# Tag Cloud



## Semper Fidelis (Nov 12, 2007)

A new optional feature has been added every time you create a thread. It allows you to "tag" the thread with the keywords that describe the thread. You add a comma seperated list of tags like:

federal, vision, doug, wilson, arrogant

This then allows the thread to be tagged. This creates what is called a "folksonomy". Traditional categorization (aka taxonomy) is good but it is not good at finding the interrelationship between things that large number of people tagging content will find at times. By tagging your content, you are making the content on the site more easily accessible to others.

With overy 300,000 posts in this forum it was pretty cool to see the site's overall "tag cloud" take shape. You can see the cloud in the lower right hand corner of the home page. Words like church, Christ, reformed and the like are big relative to other words. The bigger the word, the more it appears throughout the site. Thus, if you look at our tag cloud you can get a good idea what this site is about.

Again, this is optional but please consider helping out others by adding a tag or two whenever appropriate. I didn't think this post had an appropriate tag so I didn't add one. Also, don't add keywords like "the", "is", "and" or other common words - just the "meat and potatoes".

Thanks!

Rich


----------



## NaphtaliPress (Nov 12, 2007)

Why is the text different sizes on the home page?


----------



## Semper Fidelis (Nov 12, 2007)

NaphtaliPress said:


> Why is the text different sizes on the home page?





> ...Words like church, Christ, reformed and the like are big relative to other words. The bigger the word, the more it appears throughout the site. Thus, if you look at our tag cloud you can get a good idea what this site is about...



The larger the font, the more often that tag appears throughout the site. Church and Christian are very large because they are the most common tags sitewide.


----------



## NaphtaliPress (Nov 12, 2007)

Can one go back and add tags to a thread already created?


----------



## Semper Fidelis (Nov 12, 2007)

NaphtaliPress said:


> Can one go back and add tags to a thread already created?

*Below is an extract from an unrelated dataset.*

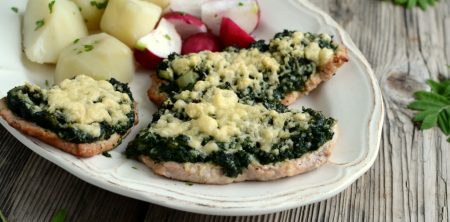 Schab pod szpinakową pierzynką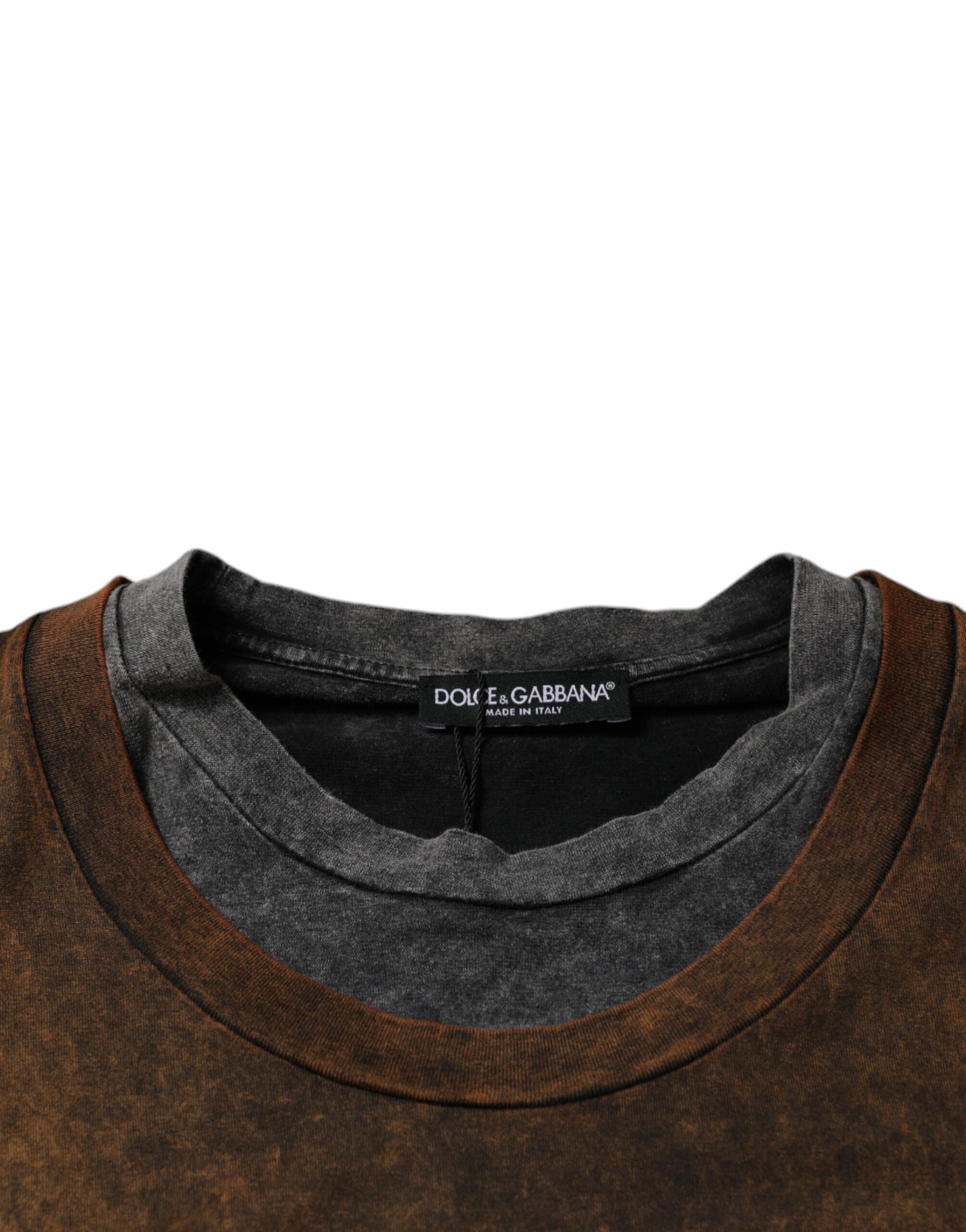 Dolce & Gabbana Brown Cotton Crew Neck Sleeveless T-shirt -   -  Dolce & Gabbana.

Yes, and I would encourage that. The automatic tagging was less than perfect and created a number of superflous tags. I'm not sure if the tagging is locked when the thread is closed. Part of the problem with being an Admin is the ability to test features completely.


----------



## Herald (Nov 12, 2007)

So if I started a thread about Bob Vigneault, I could add tags like:

rock star, hip, da bomb and male model?

Cool!


----------



## AV1611 (Nov 12, 2007)

Cool stuff, I am hoping to look at this type of metadata in my Masters thesis....


----------



## Semper Fidelis (Nov 12, 2007)

BaptistInCrisis said:


> So if I started a thread about Bob Vigneault, I could add tags like:
> 
> rock star, hip, da bomb and male model?
> 
> Cool!



The funny thing is that Bob is actually a pretty popular tag already.


----------